My understanding is that the flash bytecode interpreter's performance is reasonable. Unfortunately the actionscript compiler does no code optimization. But this quake demo uses alchemy, which is LLVM based and offers significant performance gains.
The biggest bottleneck is rendering. When displaying flash content, your cpu has to render every pixel of every frame. The flash player vector capabilities are pretty extensive. Supporting image rotations, resizes and alpha transparency can require multiple cpu passes.
The obvious answer to this problem is GPU rendering. Adobe has made some efforts in this direction, but it doesn't look like it will happen any time soon. There are many issues that make this transition difficult. Backwards compatibility, cross platform compatibility, and reliability are a few that come to mind.
haXe does some additional optimizations over the Adobe compilers; however, the real performance difference in the Alchemy-based code comes from its original nature as C code: it works with bytes, not the AVM2 type system.

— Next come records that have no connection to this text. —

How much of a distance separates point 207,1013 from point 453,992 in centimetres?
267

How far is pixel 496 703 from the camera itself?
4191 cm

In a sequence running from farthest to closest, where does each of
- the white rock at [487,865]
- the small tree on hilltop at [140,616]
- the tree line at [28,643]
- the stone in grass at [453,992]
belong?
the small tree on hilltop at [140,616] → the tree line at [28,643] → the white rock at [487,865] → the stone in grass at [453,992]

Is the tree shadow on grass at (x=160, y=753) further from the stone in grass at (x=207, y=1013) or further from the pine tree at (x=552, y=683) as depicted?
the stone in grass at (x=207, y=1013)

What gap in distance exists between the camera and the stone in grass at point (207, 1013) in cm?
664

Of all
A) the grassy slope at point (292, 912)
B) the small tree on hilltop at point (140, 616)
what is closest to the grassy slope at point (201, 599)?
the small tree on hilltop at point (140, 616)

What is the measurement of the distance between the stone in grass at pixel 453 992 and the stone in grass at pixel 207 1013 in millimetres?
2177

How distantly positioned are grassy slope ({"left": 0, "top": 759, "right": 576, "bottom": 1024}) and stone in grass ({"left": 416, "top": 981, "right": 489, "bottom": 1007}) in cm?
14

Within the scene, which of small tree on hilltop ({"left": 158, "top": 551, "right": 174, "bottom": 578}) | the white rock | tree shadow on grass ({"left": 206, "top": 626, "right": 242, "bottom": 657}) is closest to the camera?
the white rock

You can access these special "fast ByteArrays" from both AS3 and haXe - haXe makes it a little more convenient - but in both cases, you're essentially writing C from a language that doesn't have C's features. (Alchemy has some interoperability features, so it's not a total one-or-the-other equation, at least.)
Rendering is the bigger performance culprit, anyway.
In addition to other reasons mentioned, Flash is also single threaded, so a lot of developers use pseudo-threading to get around this which is where a lot of lag creeps in.